I'm confused about whether you're talking about "learning things specifically to solve a problem" (which I've seen called "pull-based learning"), or "learning things by doing projects" (i.e.: project-based learning). The former differs from the "waterfall method" ("push-based learning") only in the sequence and selection: it's just the difference between doing a Scala tutorial because you want to learn Scala, vs. because you just got put on a project that uses Scala (and hence you can skip parts of the tutorial the project doesn't use).


For actual PBL: I am a PBL skeptic. I've seen so many people consider it self-evident that learning physics by building a catapult is superior to doing textbook problems that I wrote a blog post to highlight some of the major downsides: http://www.pathsensitive.com/2018/02/the-practice-is-not-performance-why.html . I've seen it become a fad, but I've not seen the After I wrote the blog post, I had a lot of people tell me about their negative experiences with PBL. One that stands out is a guy who took a PBL MOOC on driverless cars, and didn't like it because they spent too much time learning about how to use some special pieces of software rather than anything fundamental or transferable.


Quick summary:


Advantages of PBL:

  • More motivating to some
  • Includes all aspects of practice needed in performance (e.g.: does not omit the skill of integrating many smaller skills together)

Disadvantages:

  • Does not naturally lead to correct sequencing of knowledge
  • Not optimized for rapid learning; does not teach subskills independently
  • May omit skills which are useful for compressing knowledge, but not directly useful in practice (e.g.: learning chord structure makes it easier to memorize songs, but is not directly used in performing music)
  • May include overly-specific, non-reusable knowledge

I don't think PBL works very efficiently. I think it can produce a lot of successful practitioners, but have trouble seeing how it could produce someone able to push the boundaries of a field. I will gladly pay $10 to anyone who can give me an example of someone well-regarded in mathematics (e.g.: multiple publications in top journals in the past decade, where this person was the primary contributor) who acquired their mathematics chiefly by PBL (i.e.: not studying mathematics except for what is needed to work on a specific problem, concurrently with working on the problem).

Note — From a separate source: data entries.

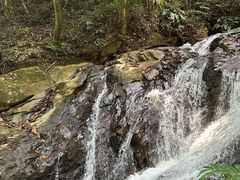 -莫里热带雨林景区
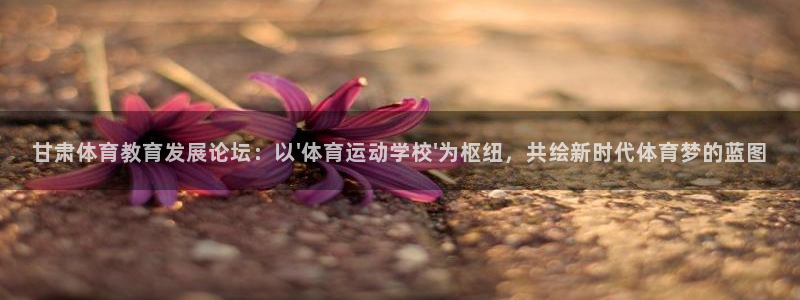 MK体育官网下载开户：甘肃体育教育发展论坛：以\'体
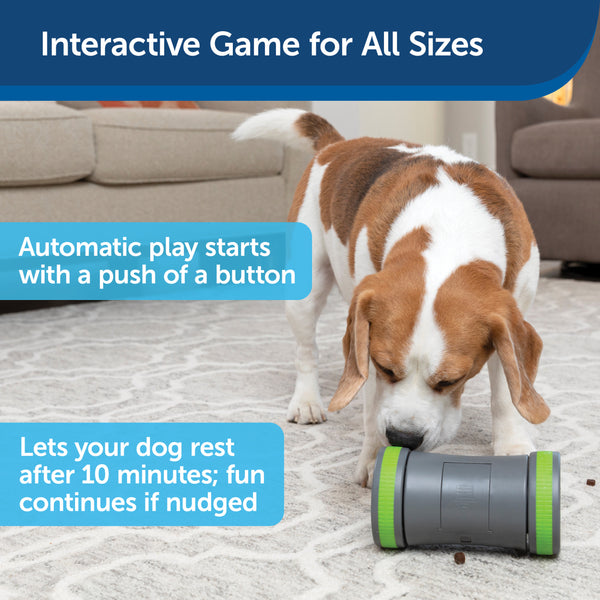 From chasing to chewing: interactive puppy toys to keep them entertained -  Vetster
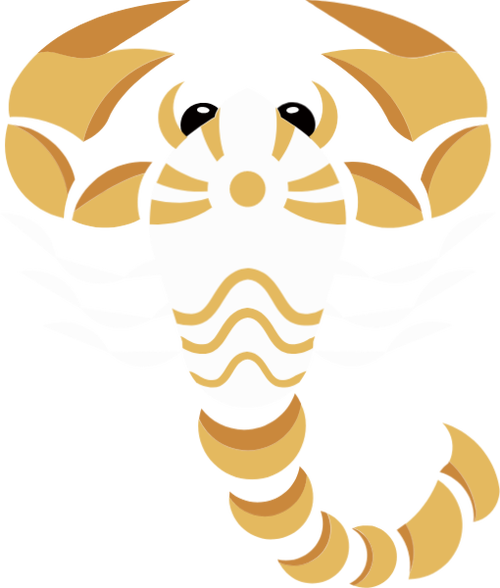 天蝎座是什么动物变的 天蝎座有<font color='red'>几种</font>动物象征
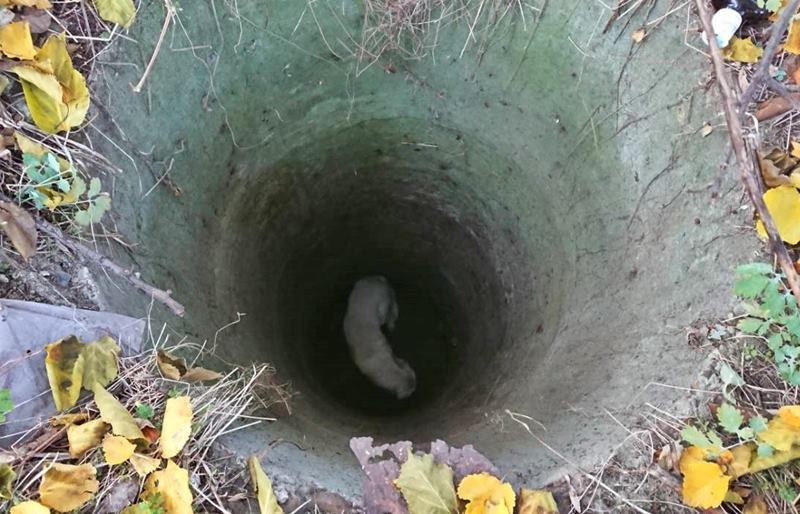 Hét méter mély kútba esett a kutya Erdőkertesen, tűzoltók mentették ki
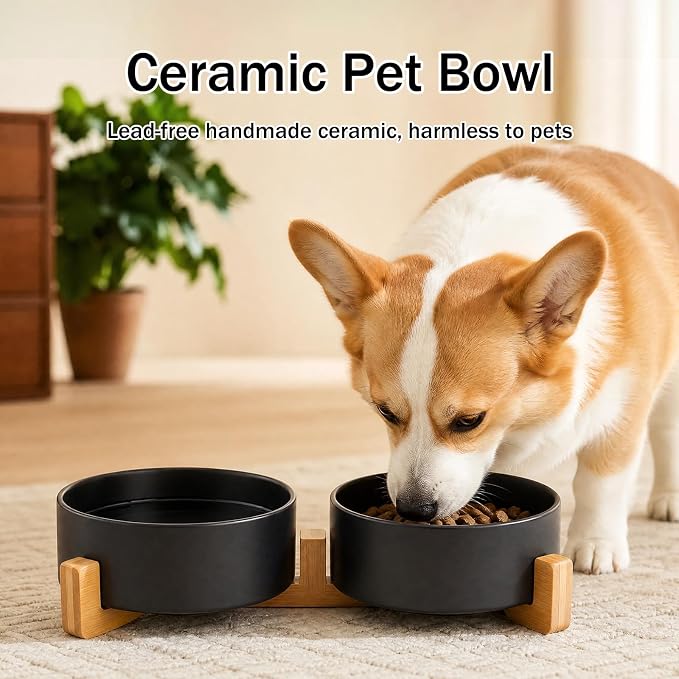 MateeyLife Ceramic Dog and Cat Bowls with Stand, 2-Pack Food and Water Bowl Set - Non-Slip Pet Bowls for Cats,Puppies and Small Dogs, 13.5OZ（Black）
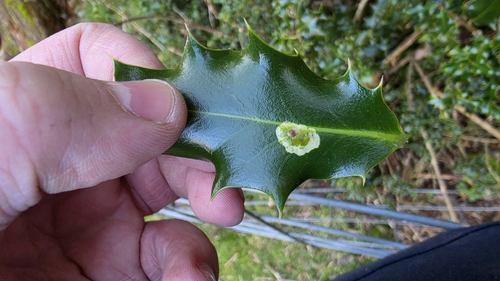 Unknown species found near Snohomish County, US-WA, US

comment by Jsevillamol · 2018-08-13T09:25:33.717Z · score: 4 (3 votes) · LW · GW

I actually got directed to your article by another person before this! Congrats on creating something that people actually reference!

On hindsight, yeah, project based learning is nor what I meant nor a good alternative to traditional learning; if you can use cheat codes to speed up your learning using the experience from somebody else you should do so without a doubt.

The generator of this post is a combination of the following observations:

1) I see a lot of people who keep waiting for a call to adventure

2) Most knowledge I have acquired through life has turned out to be useless, non transferable and/or fades out very quickly

3) It makes sense to think that people get a better grasp of what skills they need to solve a problem (such as producing high quality AI Alignment research) after they have grappled with the problem. This feels specially true when you are in the edge of a new field, because there is no one else you can turn to who would be able to compress their experience in a digestible format.

4) People (specially in mathematics) have a tendency to wander around aimlessly picking up topics, and then use very few of what they learn. Here I am standing on not very solid ground, because conventional wisdom is that you need to wander around to "see the connections", but I feel like that might be just confirmation bias creeping in.

comment by Darmani · 2018-08-13T19:49:41.648Z · score: 4 (2 votes) · LW · GW

Put that in your post! I got what you're saying way better after reading that.